I am an ecological accountant for The Nature Conservancy. I specialize in measuring how forests solve climate change. To explain this, let’s start with the fundamentals: CO2 is the largest cause of climate change. Through a magical process called photosynthesis, trees suck CO2 out of the air, turn the C into cellulose (wood), and release the O2 (oxygen) back into the air. In other words, forests are a big climate change solution. Stopping deforestation and encouraging reforestation is a low cost solution to offsetting at least 1/3 of climate change (see this blog for details). My job is to 1) run the numbers on this forest solution to climate change, and 2) help design forest conservation strategies that provide yet bigger solutions to climate change. I also work with colleagues to integrate our forest carbon accounting with measures of other benefits forests provide for people.
Here are three examples:
1) We are measuring the CO2 benefits of low impact logging practices in Borneo, and we are re-designing low impact logging practices to achieve yet more carbon benefits. Low impact logging practices could cut carbon pollution in half while maintaining local jobs, maintaining Orangutan habitat, and improving water quality. See this blog for more.
2) We are measuring the extent to which community managed forests in Mexico are already providing CO2 benefits, and assessing how we can help these communities to provide even more.

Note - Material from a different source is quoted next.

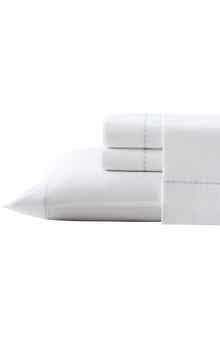 Tommy Bahama Solid Percale Cotton Sheet Set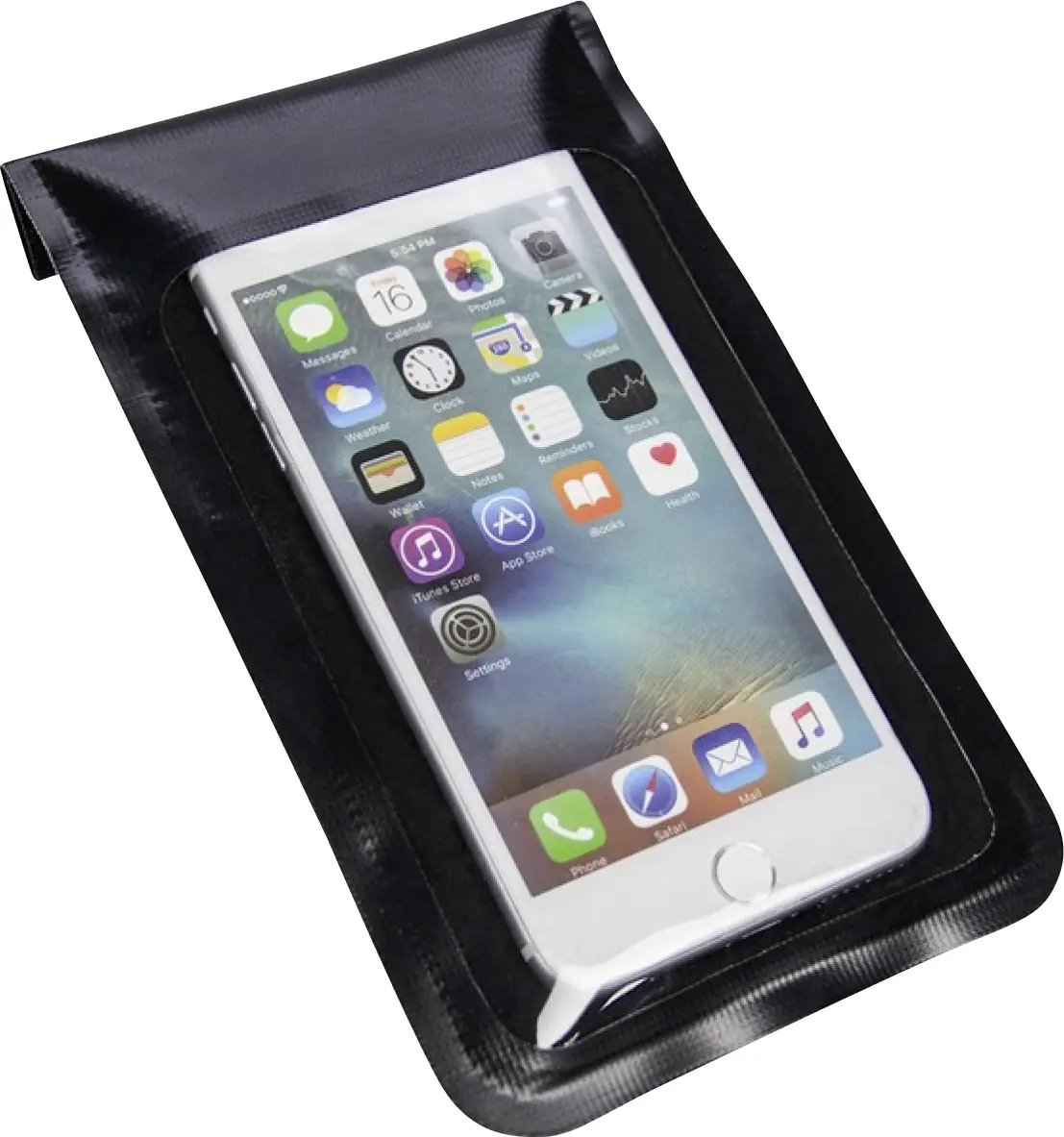 Fischer Smartphonetasche DRYBAG S/M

3) We are measuring the extent to which improved land tenure and law enforcement in the Brazilian Amazon reduces CO2 emissions from deforestation. We are also exploring alternatives to cattle ranching, like cacao agroforestry, which can be more profitable yet store more carbon. See this blog for more.
Prior to joining TNC, I coordinated a successful effort at the U.S. Department of State to make climate change funding available for forest-climate initiatives through the Global Environmental Facility (GEF). Before that I was the post-doc on an EPA-funded research program to prioritize watershed conservation and restoration efforts in the Mid-Atlantic Highlands. I completed a Ph.D. in tropical forest ecology from the Yale School of Forestry and Environmental Studies in 2003. Prior to that I got an M.Sc. from New York University in plant genetics and conservation. Hopefully that genetics part sounds impressive, but I confess I didn’t take to gel electrophoresis. Prior to that I was a 20-something dude trying to figure out what to do.